**WHAT IS EXPECTED:** Output the listing exactly as written, apart from its pictures.

**SOURCE MATERIAL:**

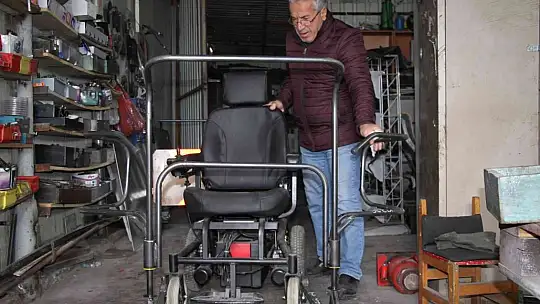 Engelli babası, yaptığı tasarımlarla engellilerin hayatlarını kolaylaştırdı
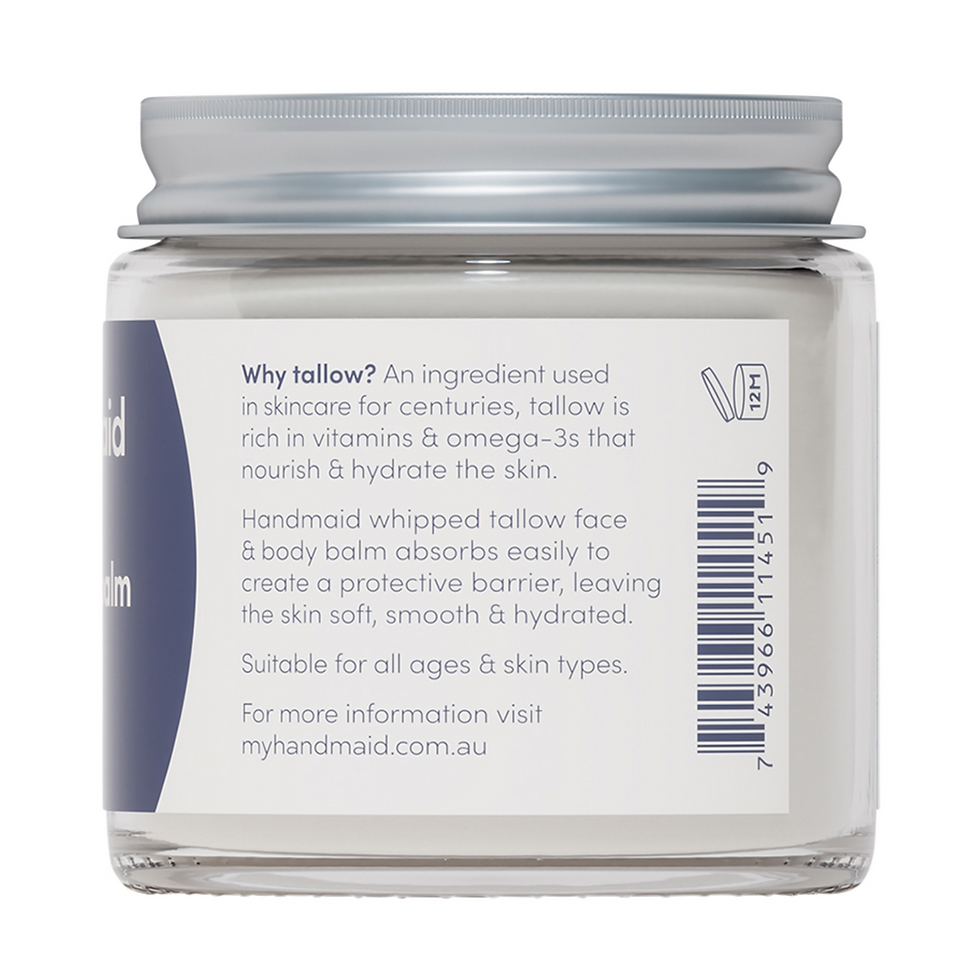 Whipped Tallow Face and Body Balm - Lavander - Grass Fed - Handmaid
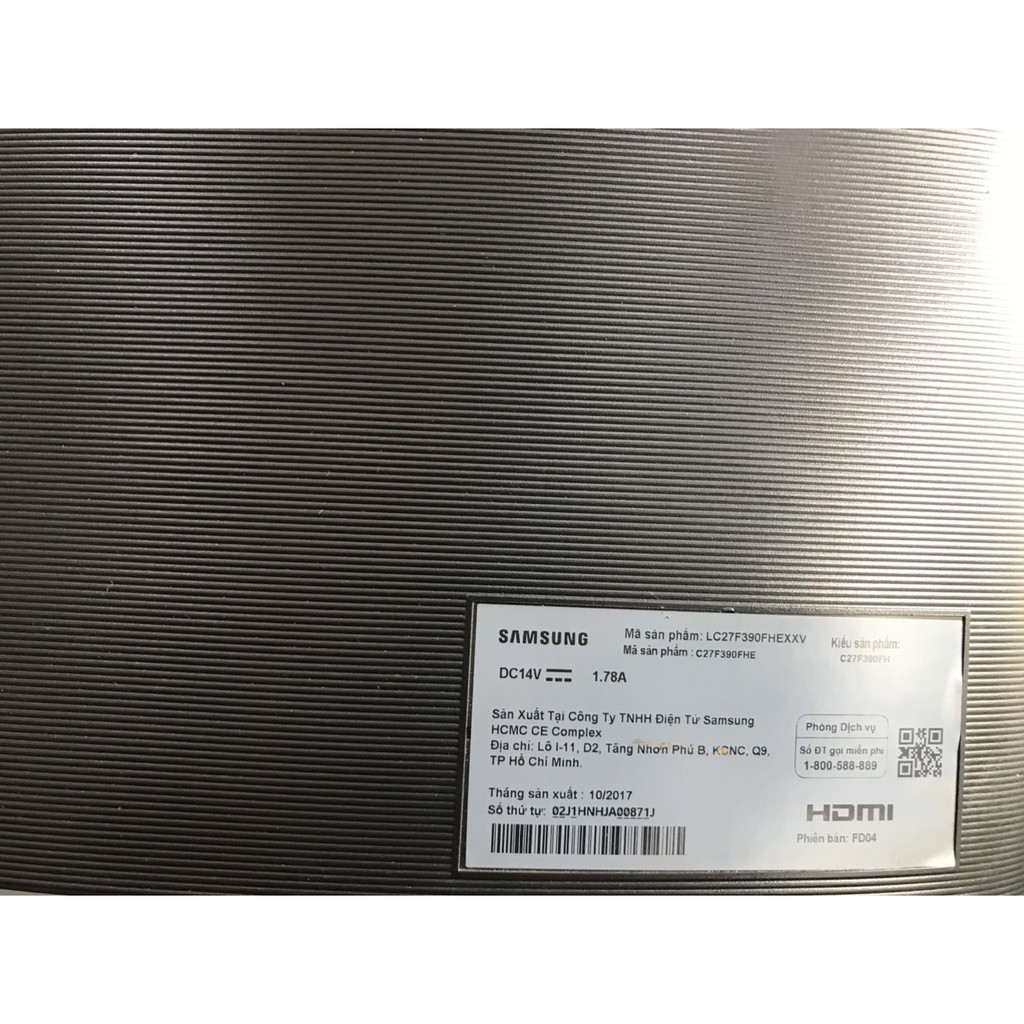 LCD Samsung LC27F390FHEXXV cong( 27" ). Còn bh đến 7/2022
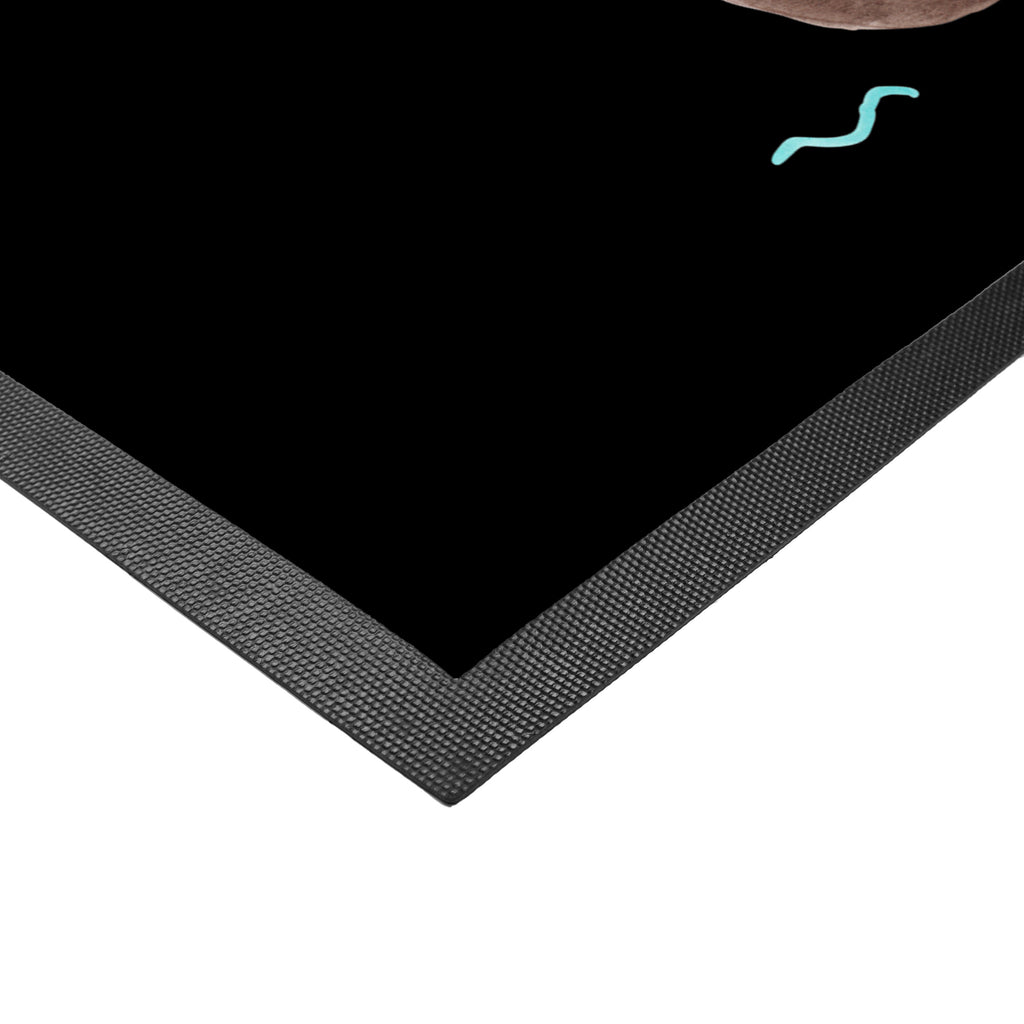 Fußmatte Otter mit Seerose Türvorleger, Schmutzmatte, Fußabtreter, Matte, Schmutzfänger, Fußabstreifer, Schmutzfangmatte, Türmatte, Motivfußmatte, Haustürmatte, Vorleger, Otter, Fischotter, Seeotter, Otter Seeotter See Otter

**TASK ANSWER:**
 Engelli babası, yaptığı tasarımlarla engellilerin hayatlarını kolaylaştırdı
 Whipped Tallow Face and Body Balm - Lavander - Grass Fed - Handmaid
 LCD Samsung LC27F390FHEXXV cong( 27" ). Còn bh đến 7/2022
 Fußmatte Otter mit Seerose Türvorleger, Schmutzmatte, Fußabtreter, Matte, Schmutzfänger, Fußabstreifer, Schmutzfangmatte, Türmatte, Motivfußmatte, Haustürmatte, Vorleger, Otter, Fischotter, Seeotter, Otter Seeotter See Otter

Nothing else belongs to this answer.